» Exercise objective
Nothing but the lines from the start of the entries below through the line containing "Before and after" should appear in the answer, copied exactly and free of pictures.

Data extracts: Begin

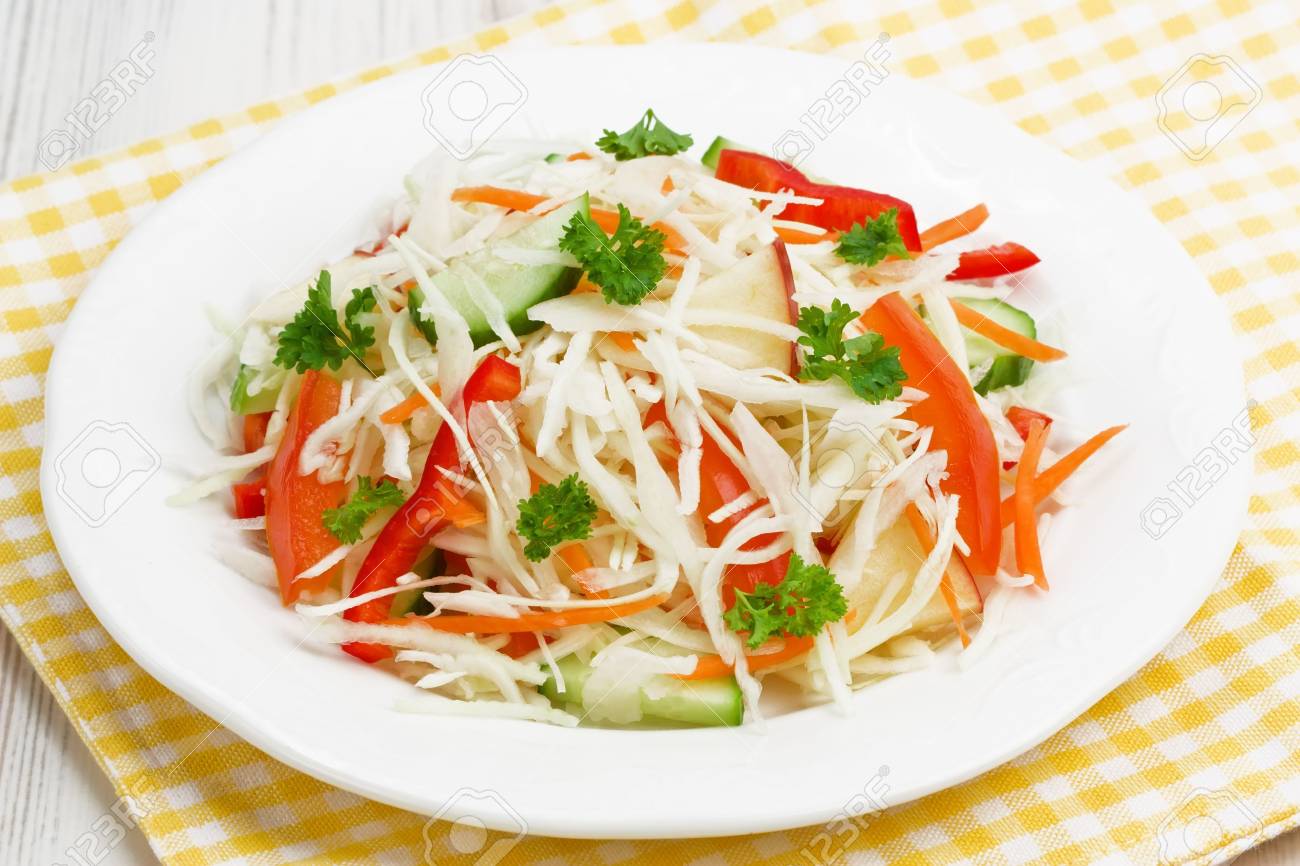 Salad from cabbage, carrots and apples Salad from cabbage, carrots and apples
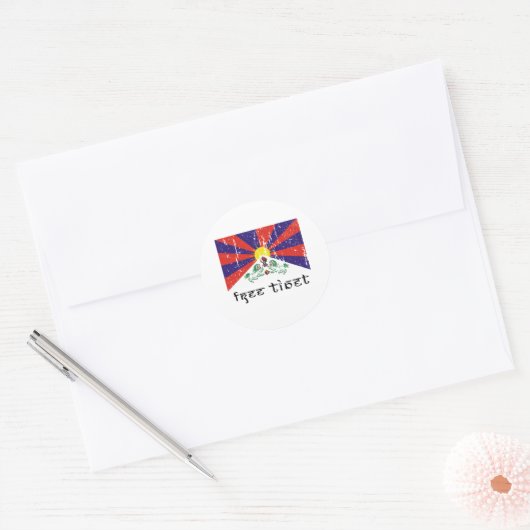 Gratis Tibet geschenken Ronde Sticker (Envelop)
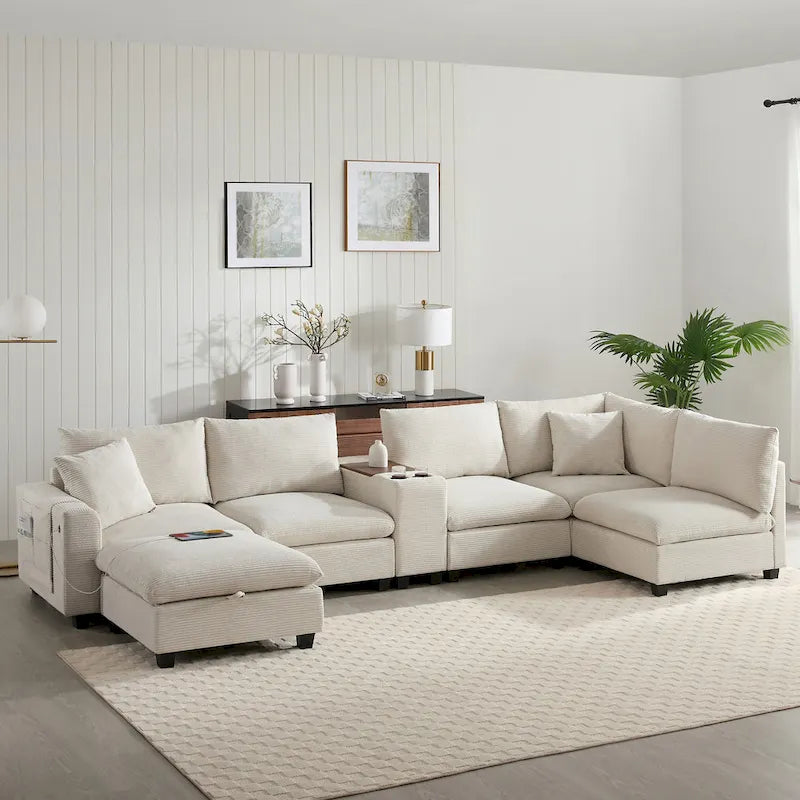 U-förmiges Chenille-Sofa mit Ottomane, Konsole, Getränkehalter, breiter Sitzfläche, USB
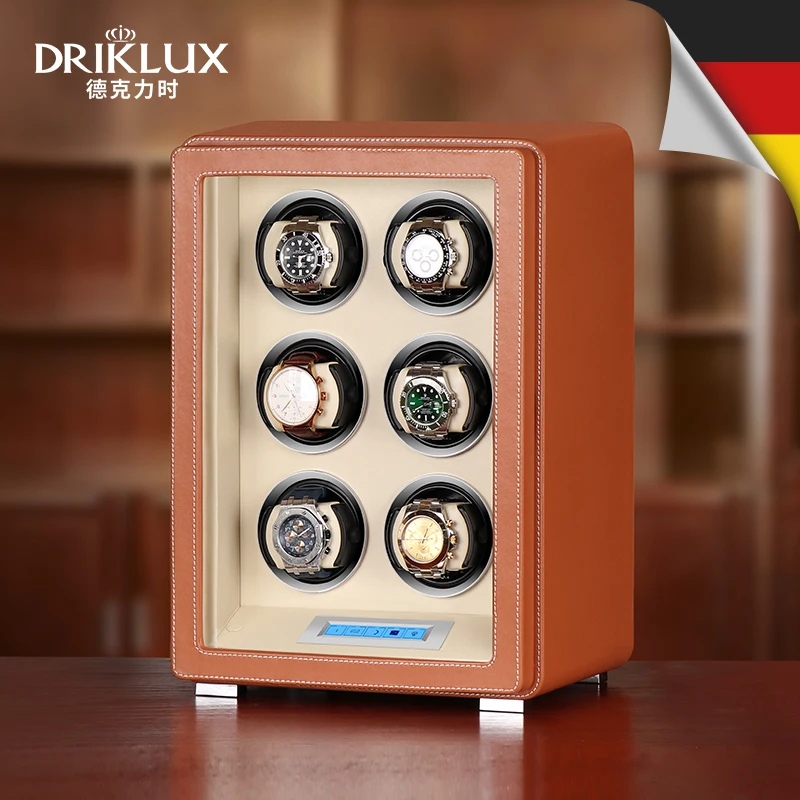 Driklux высокого класса 6 Watch Winder с возможностью остановки двигателя и тихими роторами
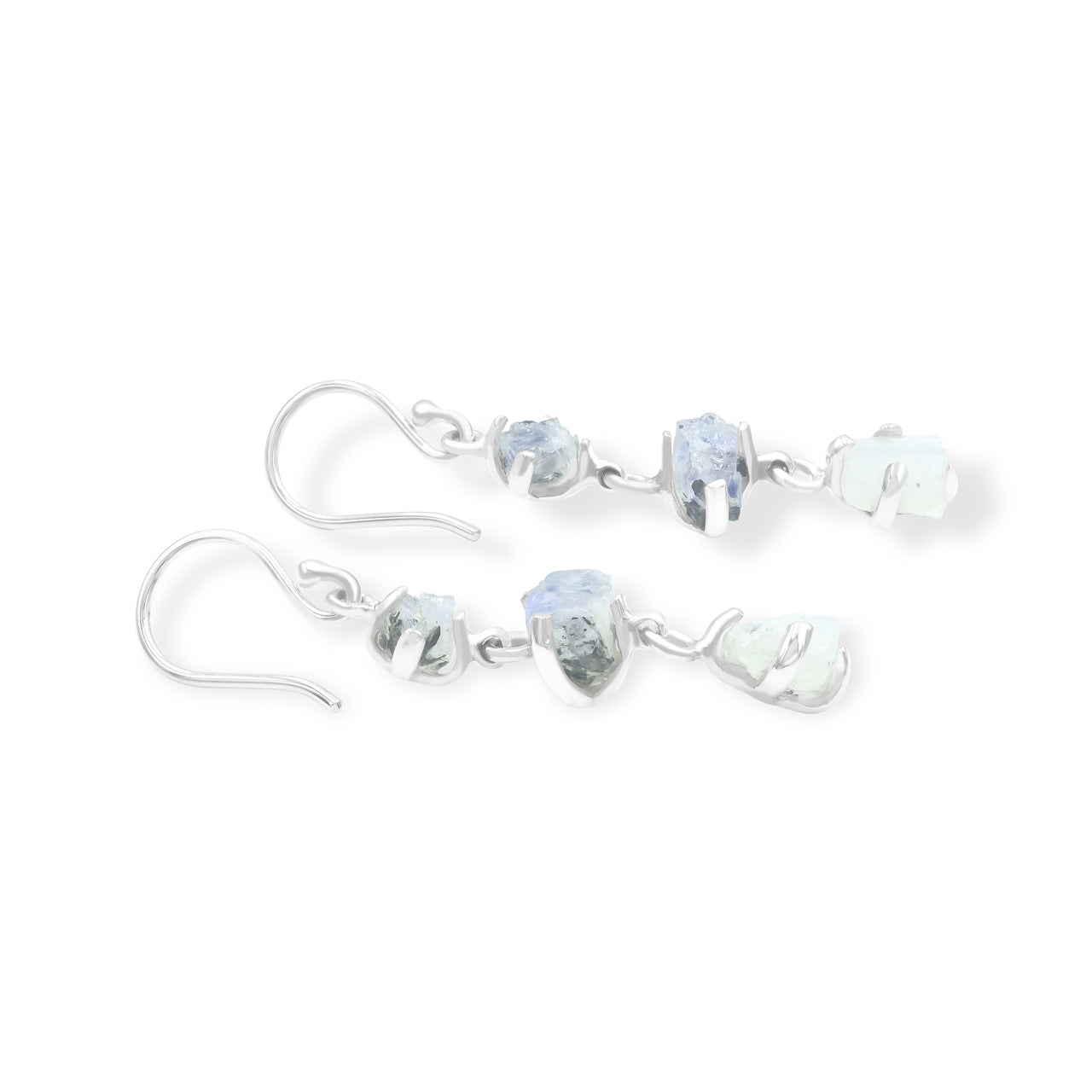 Starborn Rainbow Moonstone Rough Drop Earring in Sterling Silver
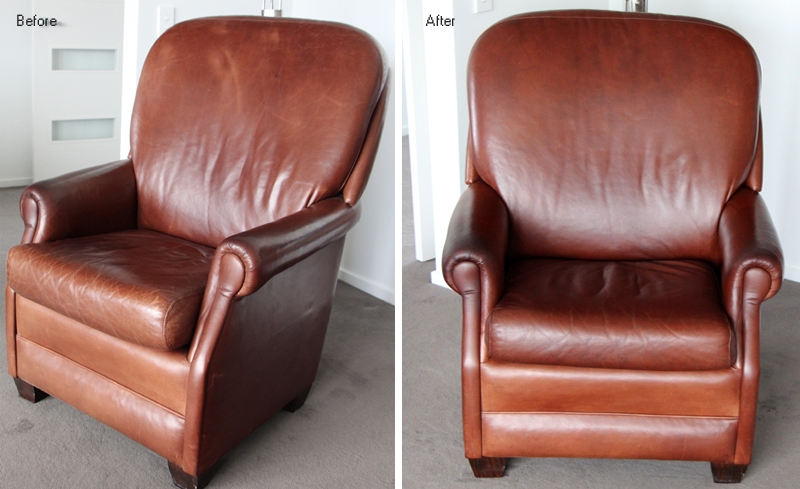 Before and after example of treated pull-up leather chair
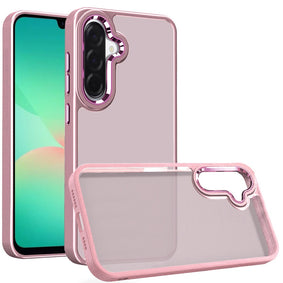 HR Premium Polished Oil Thick Acrylic Metal Button Hybrid Case Cover For Samsung Galaxy A27 - Light Pink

Data extracts: End

» Output for this task
 Salad from cabbage, carrots and apples Salad from cabbage, carrots and apples
 Gratis Tibet geschenken Ronde Sticker (Envelop)
 U-förmiges Chenille-Sofa mit Ottomane, Konsole, Getränkehalter, breiter Sitzfläche, USB
 Driklux высокого класса 6 Watch Winder с возможностью остановки двигателя и тихими роторами
 Starborn Rainbow Moonstone Rough Drop Earring in Sterling Silver
 Before and after example of treated pull-up leather chair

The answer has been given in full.